Un système dans lequel les consommateurs de pétrole sont contraints de payer un «prix raisonnable» en hausse constante afin de renflouer les caisse d’une Arabie saoudite dont les besoins fiscaux sont eux aussi en hausse constante ne peut pas se maintenir sur le long terme, surtout à une époque où les pays les plus en difficulté économique tentent par tous les moyens de réduire leurs propres dépenses fiscales.

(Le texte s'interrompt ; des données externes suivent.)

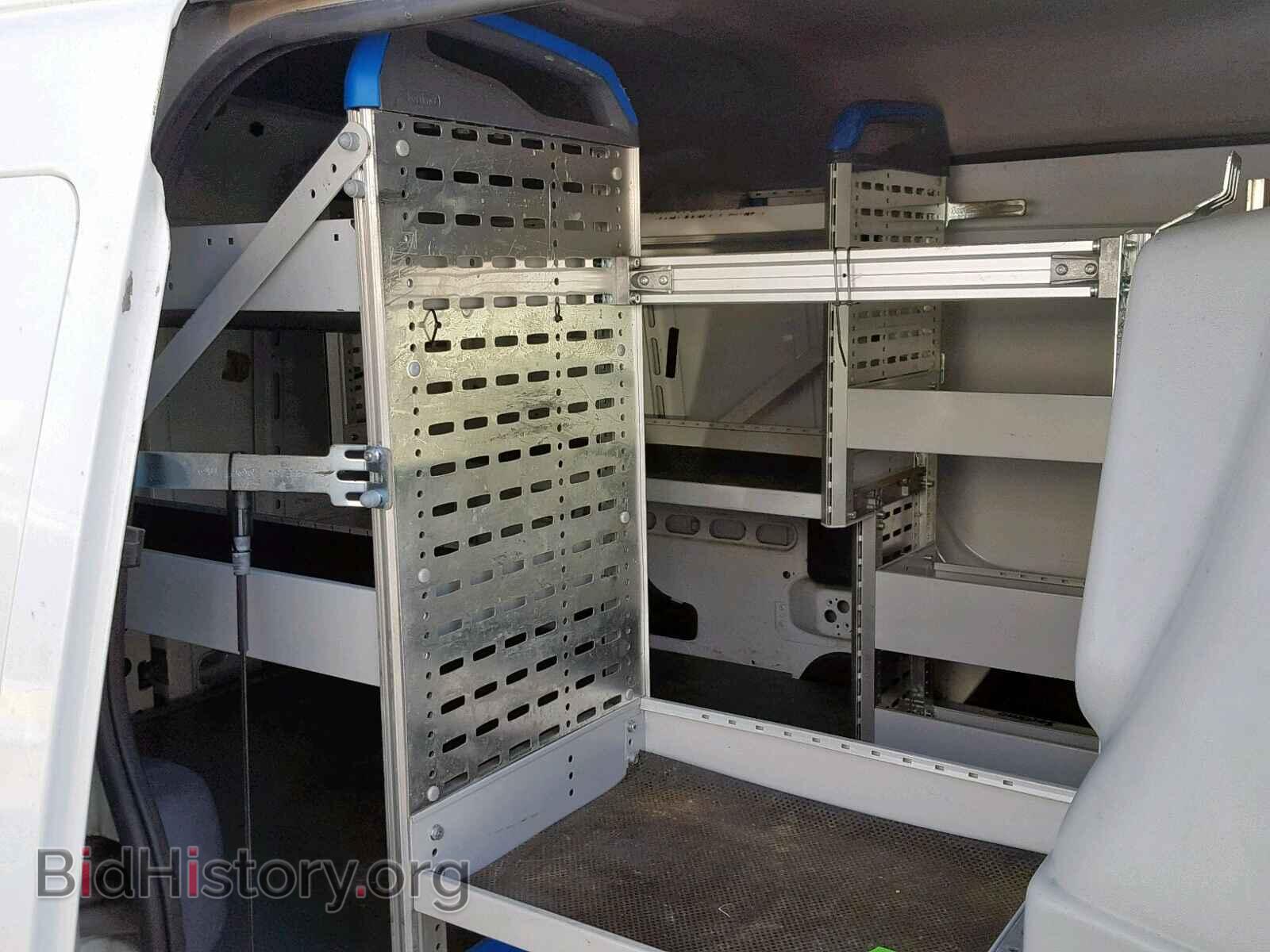 2013 FORD TRANSIT CO - VIN: NM0LS7BN4DT136190 - Фото 2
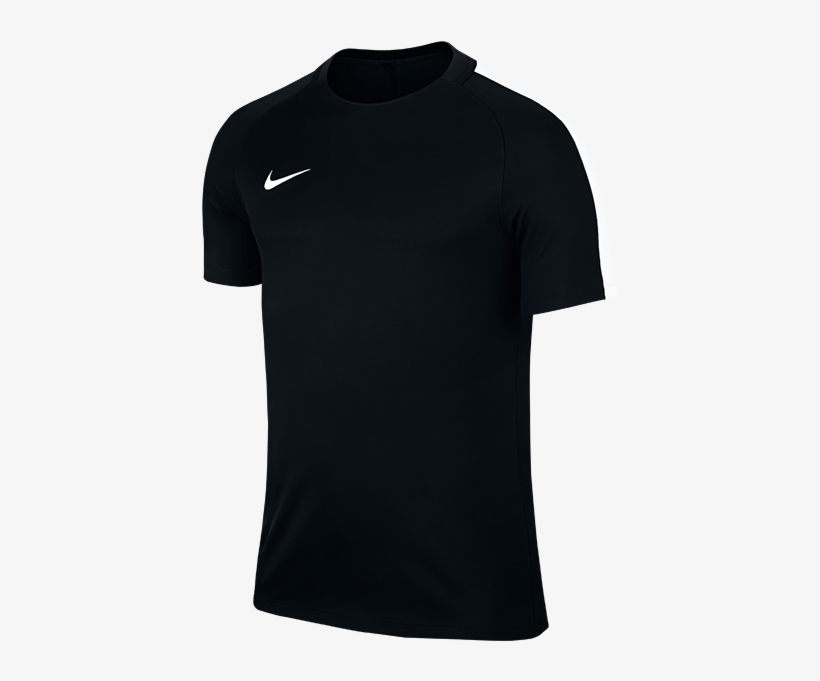 nike dry football top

Alors que la tendance mondiale est à l’élaboration de nouveaux moyens, moins onéreux, de propulsion des véhicules, le royaume saoudien ferait mieux, pour s’en sortir, de se creuser la cervelle (en impliquant d’ailleurs les femmes dans cette réflexion) en plus de creuser des trous dans le sol.
Gal Luft
Conseiller principal auprès du United States Energy Security Council et co-auteur de Petropoly: The Collapse of America's Energy Security Paradigm.